▶ [What you are asked to do]:
Output the listing exactly as written, apart from its pictures.

▶ [Supplied records]:

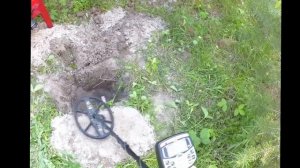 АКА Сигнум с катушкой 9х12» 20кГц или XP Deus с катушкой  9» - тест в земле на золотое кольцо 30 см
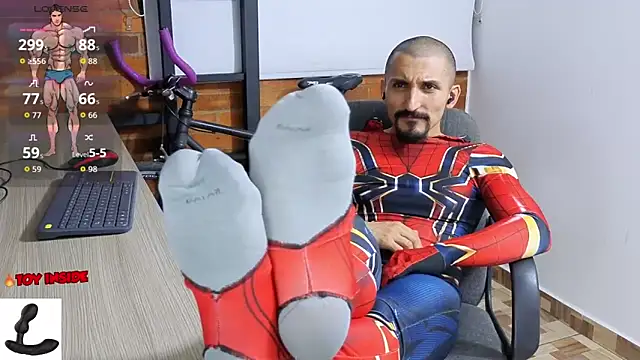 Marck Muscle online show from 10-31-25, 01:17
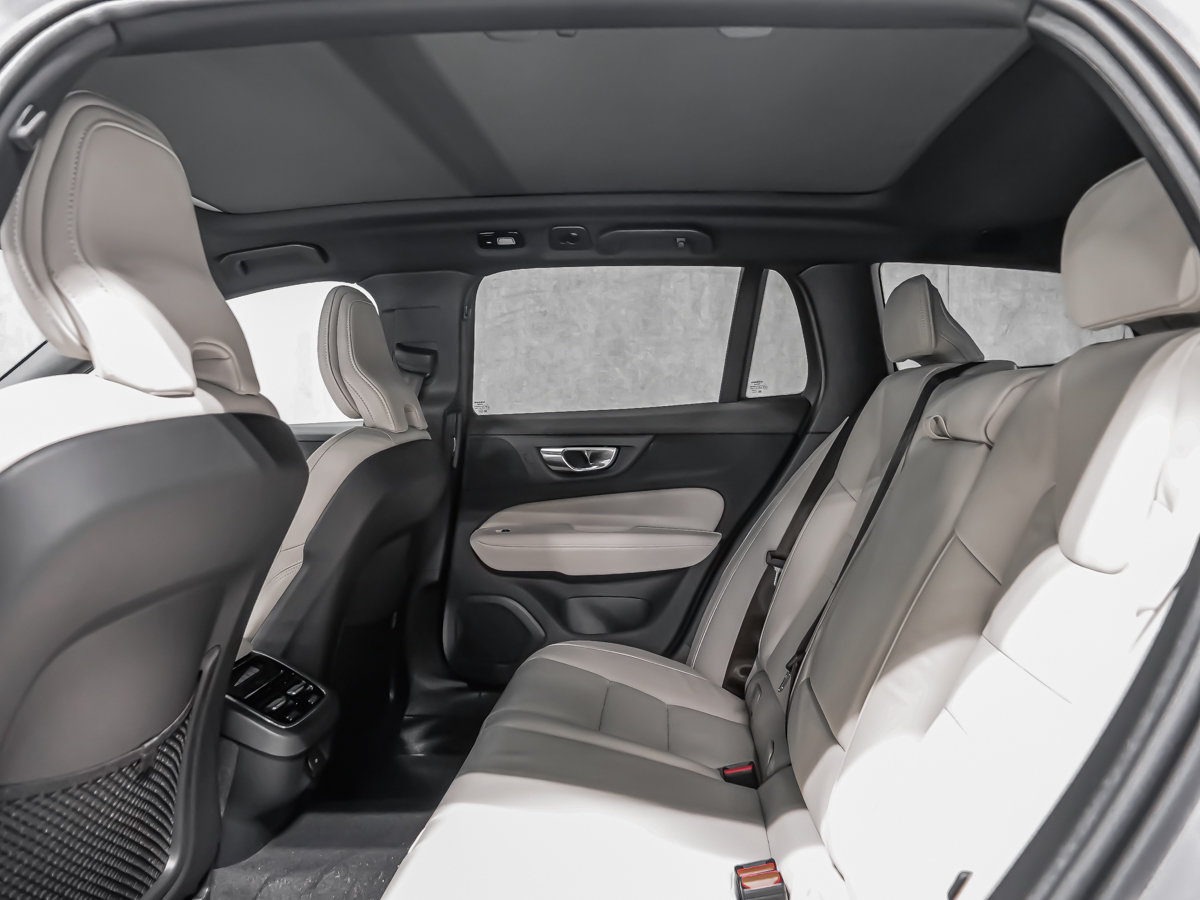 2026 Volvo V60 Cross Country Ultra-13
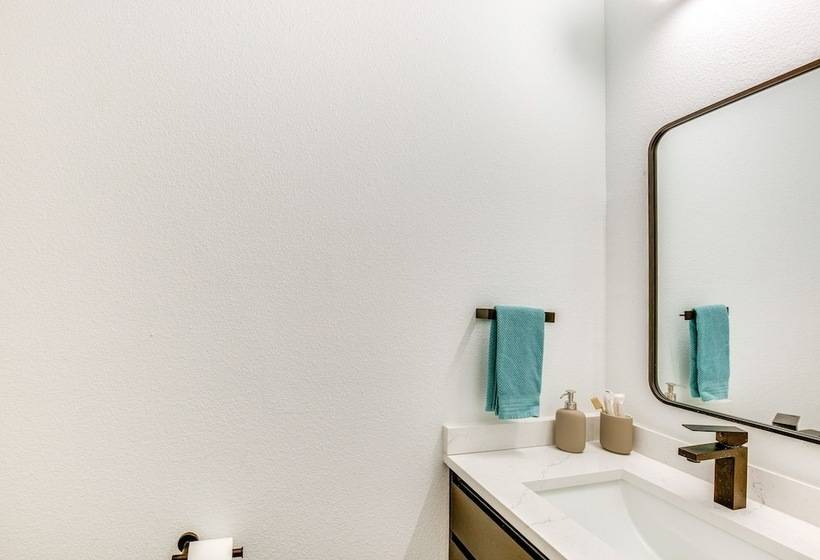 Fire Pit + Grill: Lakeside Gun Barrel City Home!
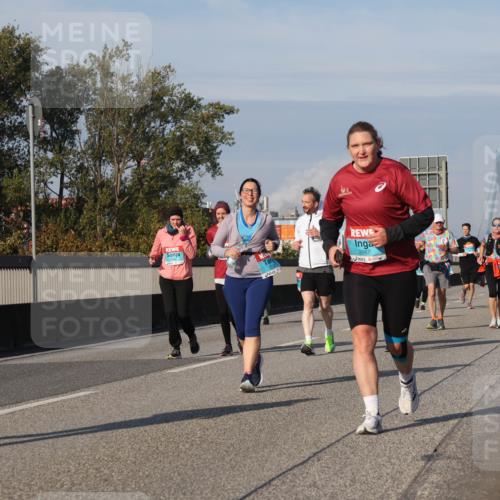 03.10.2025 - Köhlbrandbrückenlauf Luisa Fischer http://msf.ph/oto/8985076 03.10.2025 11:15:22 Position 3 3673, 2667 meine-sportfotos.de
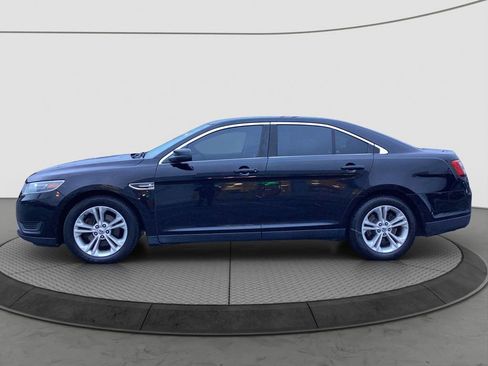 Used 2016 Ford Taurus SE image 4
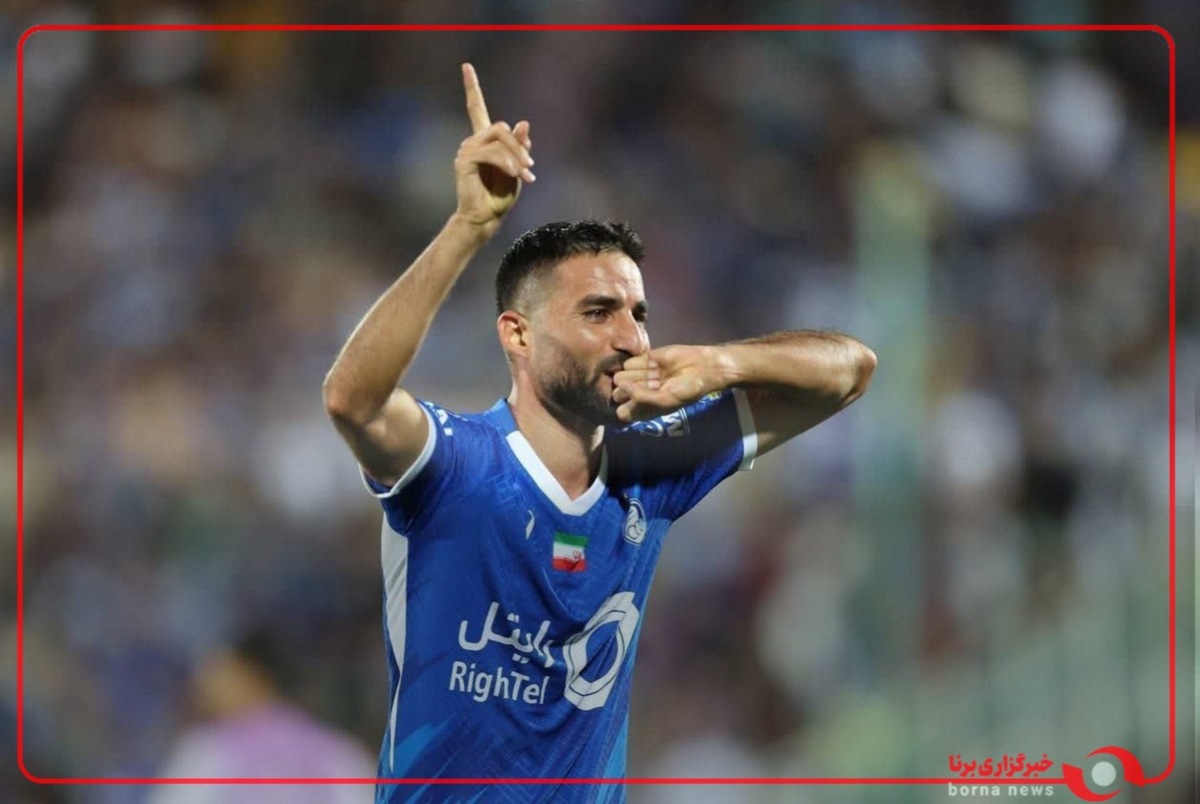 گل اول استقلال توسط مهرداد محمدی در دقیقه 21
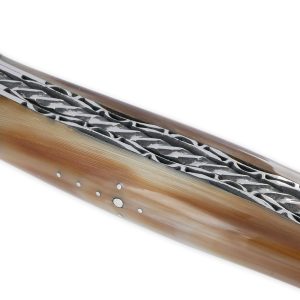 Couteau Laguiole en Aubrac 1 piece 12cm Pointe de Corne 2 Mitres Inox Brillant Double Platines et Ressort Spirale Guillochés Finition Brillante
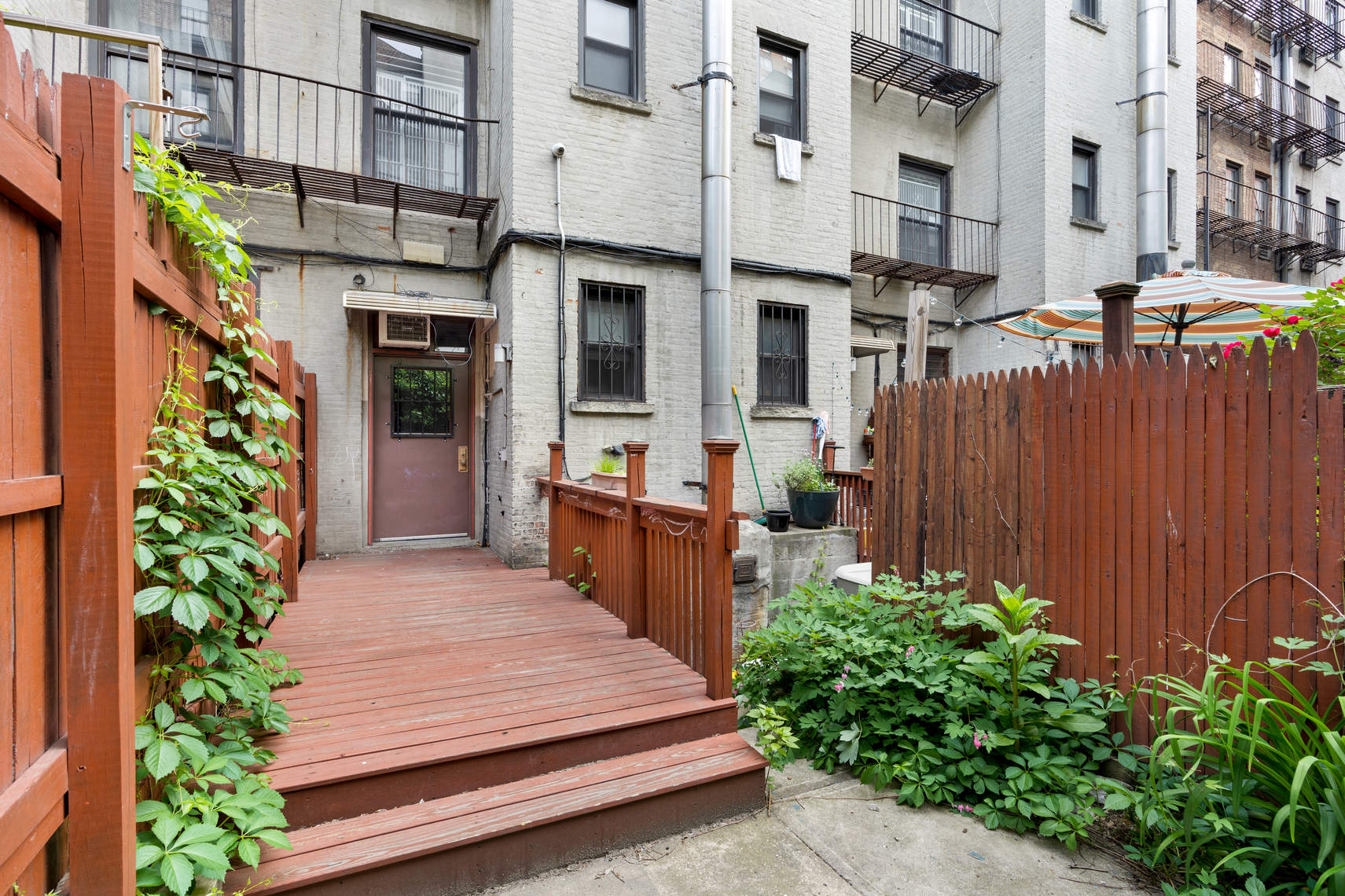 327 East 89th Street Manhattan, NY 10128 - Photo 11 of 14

▶ [Solved problem]:
 АКА Сигнум с катушкой 9х12» 20кГц или XP Deus с катушкой  9» - тест в земле на золотое кольцо 30 см
 Marck Muscle online show from 10-31-25, 01:17
 2026 Volvo V60 Cross Country Ultra-13
 Fire Pit + Grill: Lakeside Gun Barrel City Home!
 03.10.2025 - Köhlbrandbrückenlauf Luisa Fischer http://msf.ph/oto/8985076 03.10.2025 11:15:22 Position 3 3673, 2667 meine-sportfotos.de
 Used 2016 Ford Taurus SE image 4
 گل اول استقلال توسط مهرداد محمدی در دقیقه 21
 Couteau Laguiole en Aubrac 1 piece 12cm Pointe de Corne 2 Mitres Inox Brillant Double Platines et Ressort Spirale Guillochés Finition Brillante
 327 East 89th Street Manhattan, NY 10128 - Photo 11 of 14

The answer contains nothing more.